The Group Board is collectively responsible to shareholders for setting the direction of the business and monitoring the Group’s ongoing affairs.
It is also responsible for ensuring an effective internal control environment that identifies and manages appropriately the risks associated with the business.
The Remuneration Committee is responsible for making recommendations to the Group Board on the Group's framework of executive remuneration and its cost. The Committee determines the contract terms, remuneration and other benefits for each of the Executive Directors, including performance-related bonus schemes, pension rights and compensation payments. The Group Board itself determines the remuneration of the Non-Executive Directors. The Remuneration Committee comprises the Non-Executive Directors and is chaired by Peter Jones.

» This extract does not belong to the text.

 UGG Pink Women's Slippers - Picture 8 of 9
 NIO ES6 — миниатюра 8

Remuneration Committee: Terms of Reference
The Audit Committee comprises the Non-Executive Directors and is chaired by David Morgan. Audit Committee meetings are also attended, by invitation, by the Chief Executive and Group Finance Director. The Committee meets not less than three times annually.

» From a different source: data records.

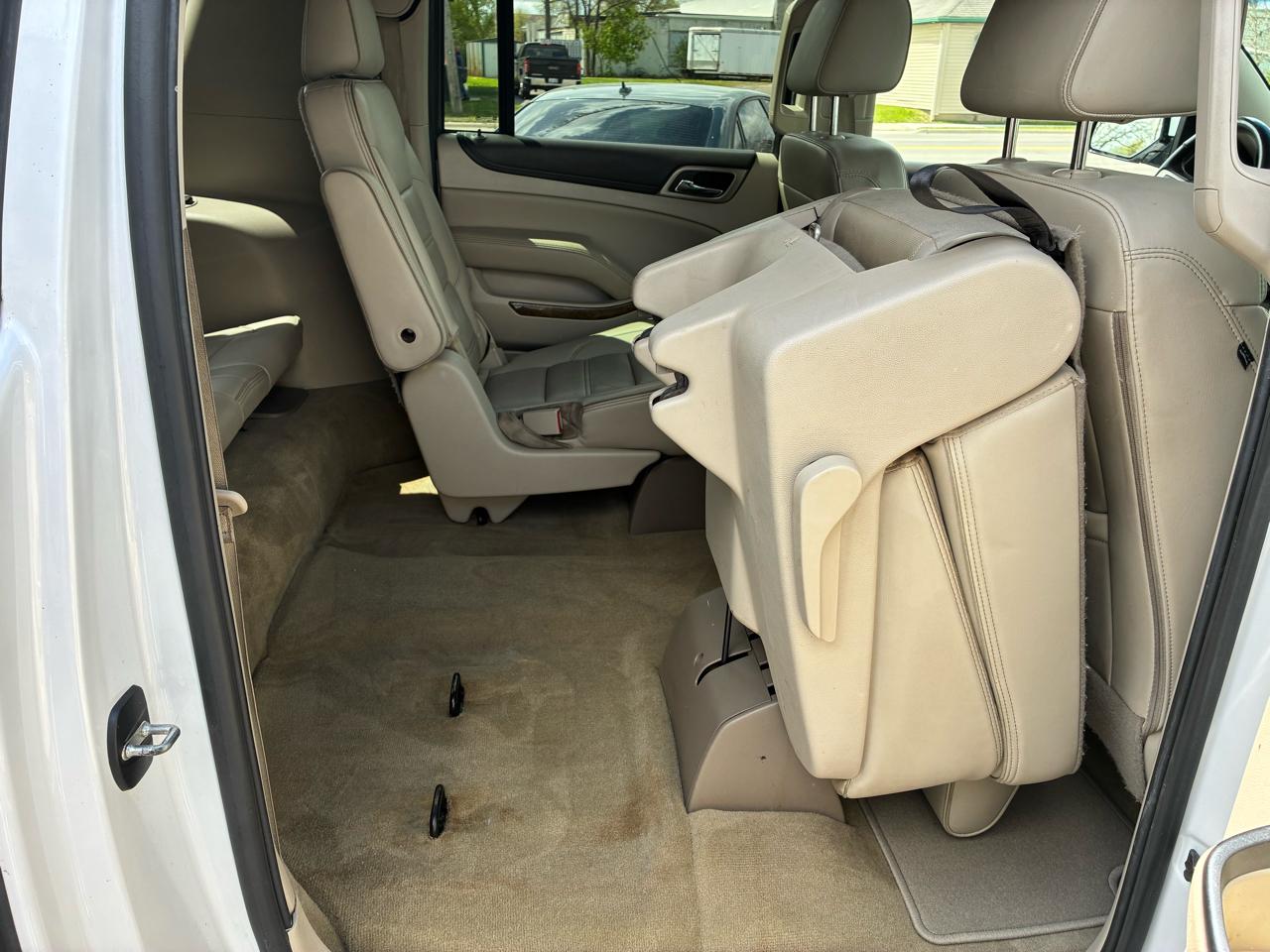 GMC Yukon XL Denali 4WD 2017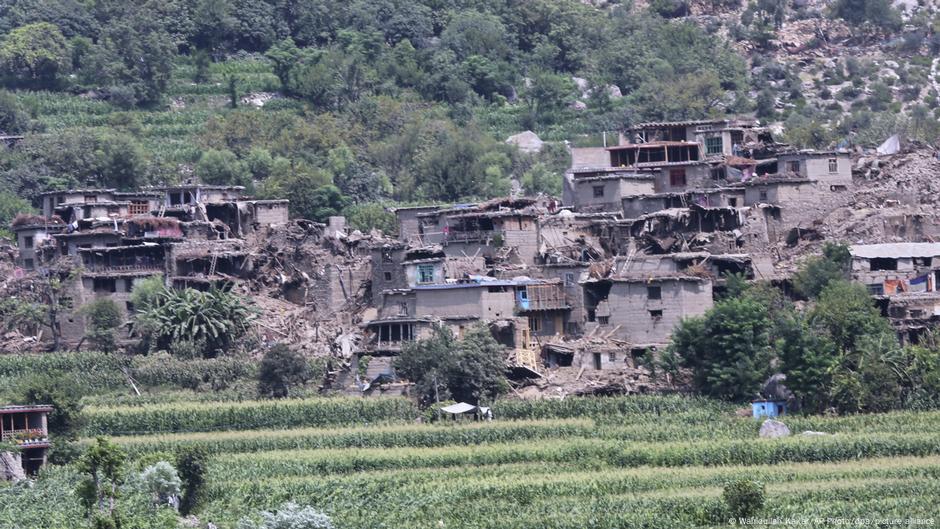 Mengapa gempa di Afghanistan begitu destruktif?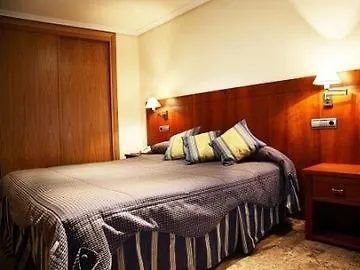 Apartamentos Turisticos Cristo Del Consuelo Cazorla Hotel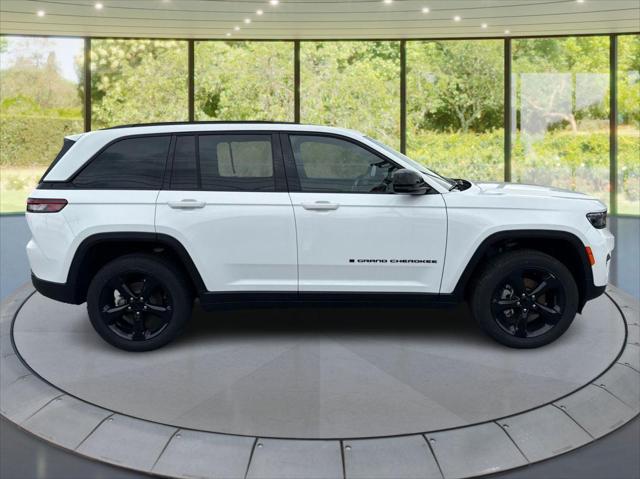 2025 Jeep Grand Cherokee GRAND CHEROKEE ALTITUDE X 4X4 2025 Jeep Grand Cherokee GRAND CHEROKEE ALTITUDE X 4X4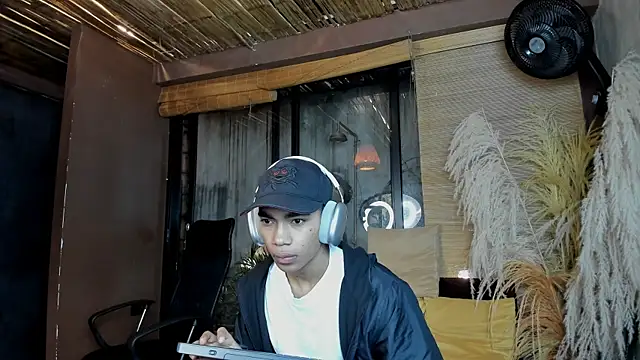 AlanCutee online show from 16, 12, 2025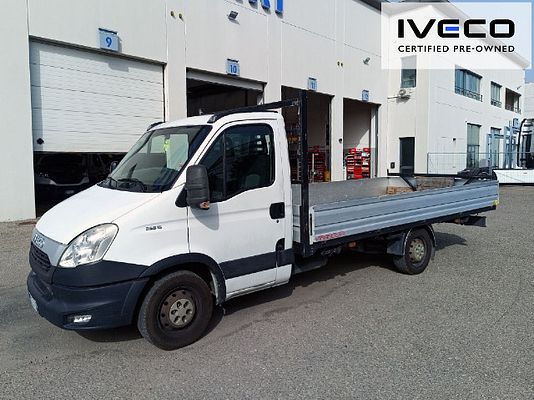 Vehicle image 1 / 8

The Committee is responsible for reviewing a wide range of financial reporting and related matters including the half-year and annual accounts before their submission to the Group Board. The Committee is required to focus in particular on critical accounting policies and practices adopted by the Group, and any significant areas of judgment that materially impact reported results. It is also responsible for monitoring the internal controls that are operated by management to ensure the integrity of the information reported to the shareholders.
The Committee provides a forum for reporting by the Group's external auditors, and advises the Group Board on the appointment, independence and objectivity of the external auditors and on their remuneration both for statutory audit and non-audit work. It also discusses the nature, scope and timing of the statutory audit with the external auditors. The Committee also reviews the appropriateness of the annual internal audit programme for the Group, and ensures that the business risk management and internal audit functions are adequately sponsored and resourced.
Audit Committee: Terms of Reference
The Nominations Committee is responsible for reviewing the structure, size and composition required of the Board when compared to its current position, and it makes recommendations to the Board with regard to any changes. It considers and reviews succession planning for main Group Board Directors, taking into account the challenges and opportunities facing the Company; it identifies and nominates for Board approval suitable candidates to fill Board vacancies as and when they arise, and it keeps under review both the Executive and Non-Executive leadership needs of the Company to enable the Company to compete effectively in the marketplace.
The Nominations Committee also has responsibility for evaluating the performance of Non-Executive Directors, recommending as appropriate re-appointment of Non-Executive Directors at the end of their specified terms of office, and overseeing the re-election by shareholders of any director under the ‘retirement by rotation’ provisions in the Company’s articles of association.
The Nominations Committee comprises at least two members, all of whom shall be independent Non-Executive Directors.